Data provided:
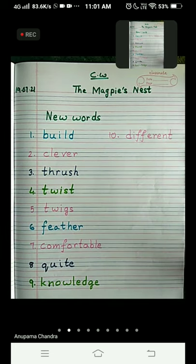So all 10 words are completed, children. This was all for today. Thank you so much.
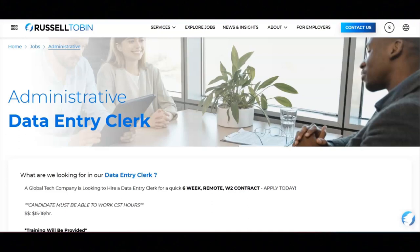I hope all of you are doing well today. For today's video, I'm going to be sharing with you information about this administrative data entry clerk position that's being offered by Russell Tobin.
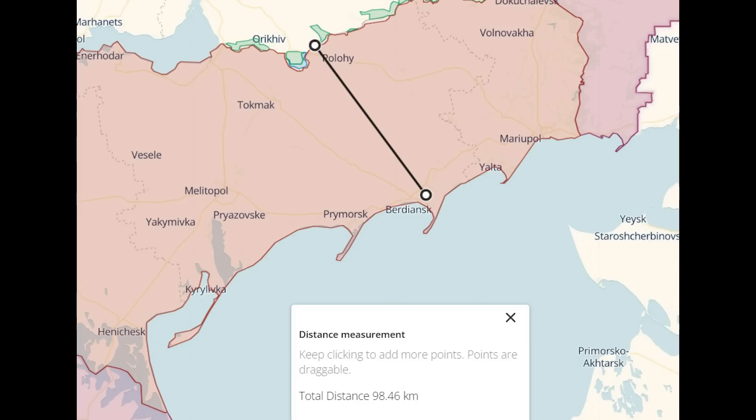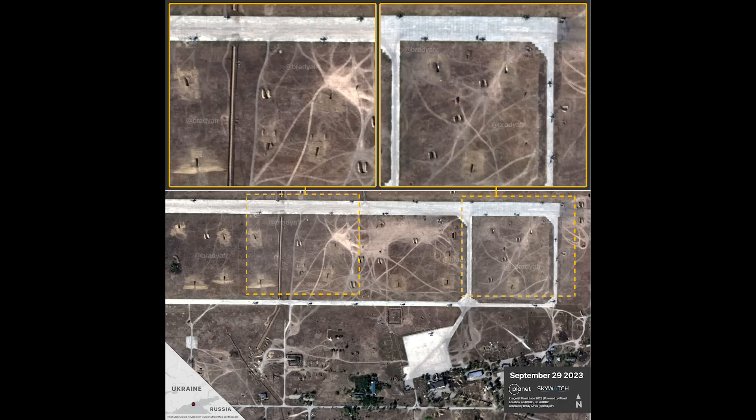Let's check where this is — it's nearly 100km from the front lines as seen here. So really, Ukraine is relying on drones, Storm Shadow, or Tochka-U to hit this base. Storm Shadow isn't the right weapon to hit an airbase given the spread of the aircraft here — a Storm Shadow missile would really only destroy one, maybe two helicopters.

Aim of the task: Copy the data exactly. Pictures do not belong in the copy.

Problem solution:
So all 10 words are completed, children. This was all for today. Thank you so much.
I hope all of you are doing well today. For today's video, I'm going to be sharing with you information about this administrative data entry clerk position that's being offered by Russell Tobin.
Let's check where this is — it's nearly 100km from the front lines as seen here. So really, Ukraine is relying on drones, Storm Shadow, or Tochka-U to hit this base. Storm Shadow isn't the right weapon to hit an airbase given the spread of the aircraft here — a Storm Shadow missile would really only destroy one, maybe two helicopters.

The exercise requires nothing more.